British PM Backs Plans For Tougher Migration Control After Brexit
Theresa May has defended the idea of new controls on EU nationals in the wake of a leaked document outlining proposed tough post-Brexit immigration plans, saying they would help protect UK wages, The Guardian writes.
Speaking at the first prime minister’s questions since the summer recess, May did not refer directly to the Home Office document leaked to the Guardian, but gave a general defence of greatly reducing the numbers of EU arrivals after Brexit.
Following a series of questions from Jeremy Corbyn about low wages and executive pay, which avoided any mention of Brexit, the prime minister was quizzed by Ian Blackford, leader of the SNP’s Westminster group.
“Does the prime minister agree with me that immigration is essential to the strength of the UK economy, as well as enhancing our diversity and cultural fabric?” Blackford said, referring to the document outlining plans to deter all but highly skilled EU workers.

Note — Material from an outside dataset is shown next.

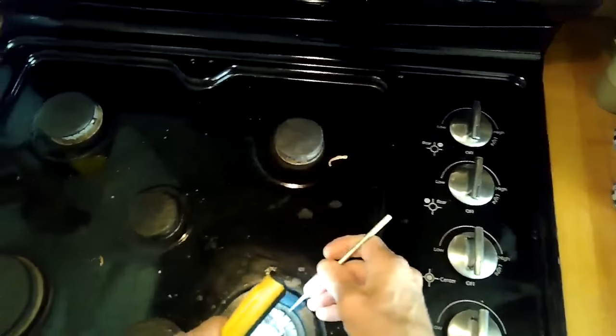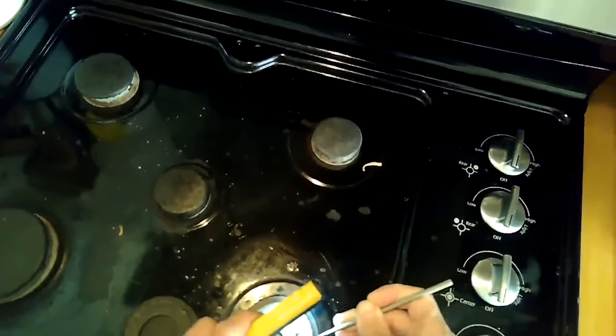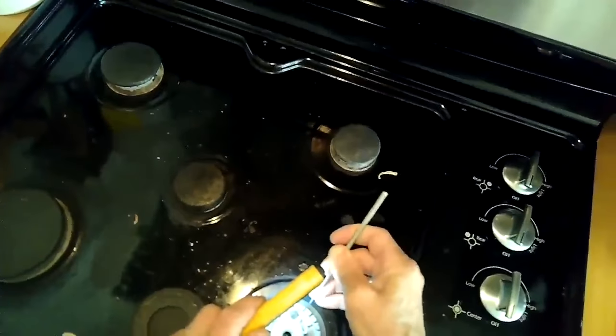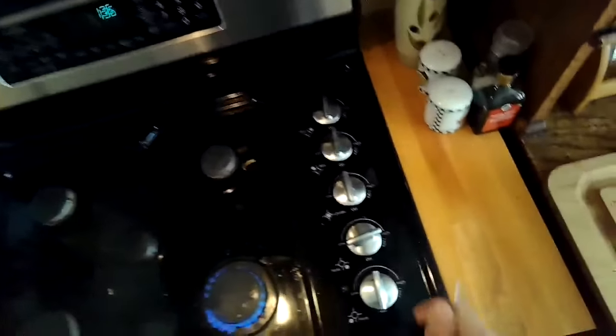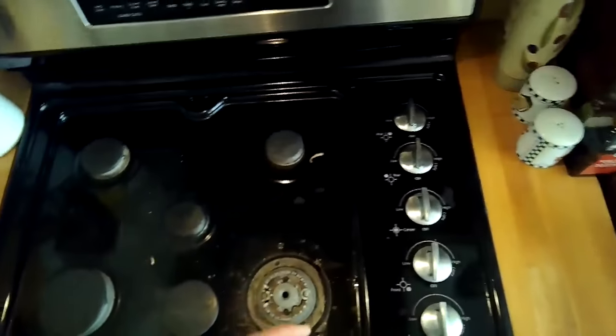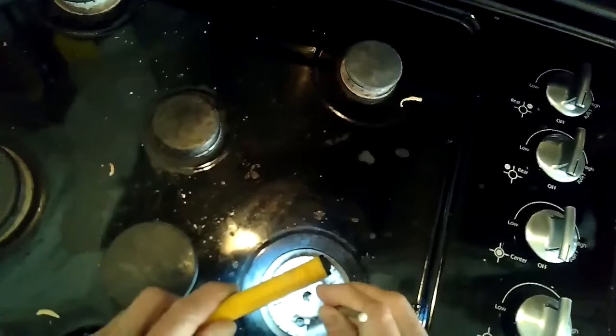Make sure it's cooled down, then remove the burner cap. Using a sharp implement — I'm using a dental tool, but you could use a straightened paper clip — you want to just open up all these little holes, and then the one that works the best is to take something sharp and poke it down into this little central hole.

“I have said on many occasions before that overall immigration has been good for the UK,” May responded. “But what people want to see is control of that immigration. That’s what I think people want to see as as result of coming out of the European Union.”

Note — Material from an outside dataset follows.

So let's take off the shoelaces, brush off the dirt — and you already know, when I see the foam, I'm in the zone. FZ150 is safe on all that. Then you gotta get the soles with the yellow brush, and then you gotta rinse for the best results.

She argued that controls were needed in part to maintain wage levels. “We’re already able to exercise control in relation to those who come to this country from outside the countries within the European Union,” she said, “and we continue to believe as a government that it’s important to have net migration at sustainable levels – we believe that to be the tens of thousands – because of the impact particularly it has on people at the lower end of the income scale in depressing their wages.”

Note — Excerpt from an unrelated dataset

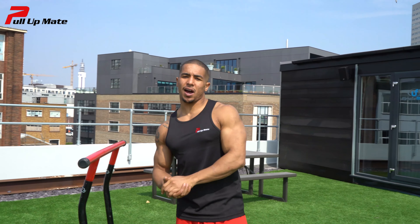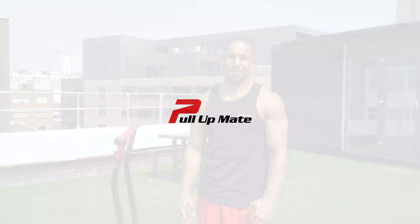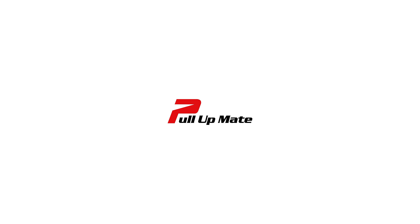This is a great exercise guys, give it a go, let me know how you get on. Thank you.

Asked by Blackford if she was “dancing to the tune of her rightwing backbenchers” on immigration, May reiterated her point.“There is a reason for wanting to ensure that we can control migration,” she said. “It is because of the impact that net migration can have on people, on access to services, on infrastructure. But crucially, it often hits those at the lower end of the income scale hardest.
“It’s important that we bring in controls. We want to continue to welcome the brightest and the best here to the United Kingdom and we will continue to do so.”